My Lords, I can not agree with the noble Duke, that nothing less than an immediate attack upon the honor or interest of this nation can authorize us to interpose in defense of weaker states, and in stopping the enterprises of an ambitious neighbor.4 Whenever that narrow, selfish policy has prevailed in our councils, we have constantly experienced the fatal effects of it. By suffering our natural enemies to oppress the powers less able than we are to make resistance, we have permitted them to increase their strength, we have lost the most favorable opportunities of opposing them with success, and found ourselves at last obliged to run every hazard in making that cause our own, in which we were not wise enough to take part while the expense and danger might have been supported by others. With respect to Corsica, I shall only say, that France has obtained a more useful and important acquisition in one pacific campaign than in any of her belligerent campaigns--at least while I had the honor of administering war against her. The word may, perhaps, be thought singular. I mean only while I was the minister chiefly intrusted with the conduct of the war. I remember, my Lords, the time when Lorraine was united to the crown of France. That, too, was in some measure a pacific conquest; and there were people who talked of it as the noble Duke now speaks of Corsica. France was permitted to take and keep possession of a noble province; and, according to his grace's ideas, we did right in not opposing it. The effect of these acquisitions is, I confess, not immediate; but they unite with the main body by degrees, and, in time, make a part of the national strength. I fear, my Lords, it is too much the temper of this country to be insensible of the approach of danger, until it comes with accumulated terror upon us.

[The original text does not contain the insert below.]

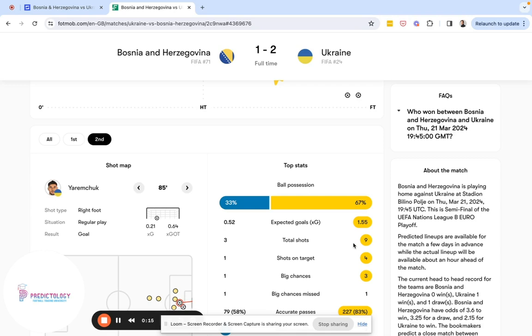If you're able to monitor games closely, act quickly, and use the XG predictor to support your decision making, you're able to predict more optimal entry points and outcomes of matches.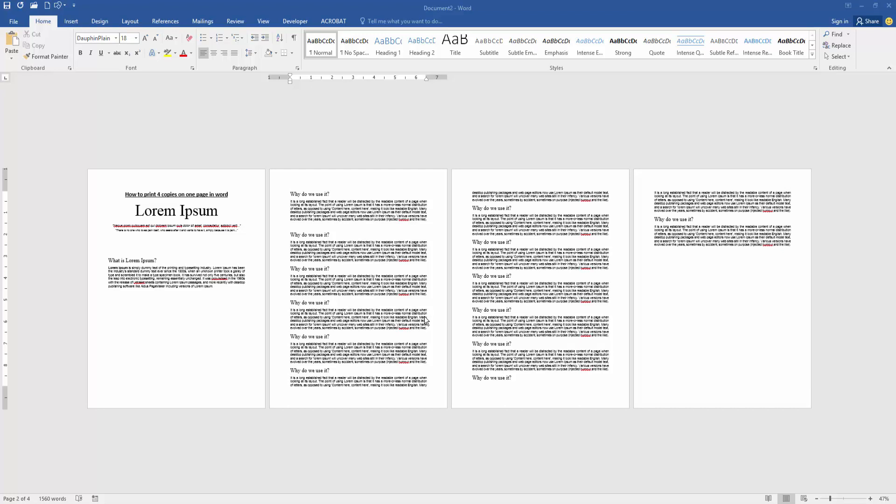Assalamualaikum, hello friends! How are you? Welcome back to my new video. In this video, I am going to show you how to print four copies on one page in Microsoft Word. Let's get started.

My Lords, the condition of his Majesty's affairs in Ireland, and the state of that kingdom within itself, will undoubtedly make a very material part of your Lordship's inquiry. I am not sufficiently informed to enter into the subject so fully as I could wish; but by what appears to the public, and from my own observation, I confess I can not give the ministry much credit for the spirit or prudence of their conduct. I see that even where their measures are well chosen, they are incapable of carrying them through without some unhappy mixture of weakness or imprudence. They are incapable of doing entirely right. My Lords, I do, from my conscience, and from the best weighed principles of my understanding, applaud the augmentation of the army. As a military plan, I believe it has been judiciously arranged. In a political view, I am convinced it was for the welfare, for the safety of the whole empire. But, my Lords, with all these advantages, with all these recommendations, if I had the honor of advising his Majesty, I never would have consented to his accepting the augmentation, with that absurd, dishonorable condition which the ministry have submitted to annex to it.5 My Lords, I revere the just prerogative of the Crown, and would contend for it as warmly as for the rights of the people. They are linked together, and naturally support each other. I would not touch a feather of the prerogative. The expression, perhaps, is too light; but, since I have made use of it, let me add, that the entire command and power of directing the local disposition of the army is to the royal prerogative, as the master feather in the eagle's wing; and, if I were permitted to carry the allusion a little farther, I would say, they have disarmed the imperial bird, the "Ministrum Fulminis Alitem."6 The army is the thunder of the Crown. The ministry have tied up the hand which should direct the bolt.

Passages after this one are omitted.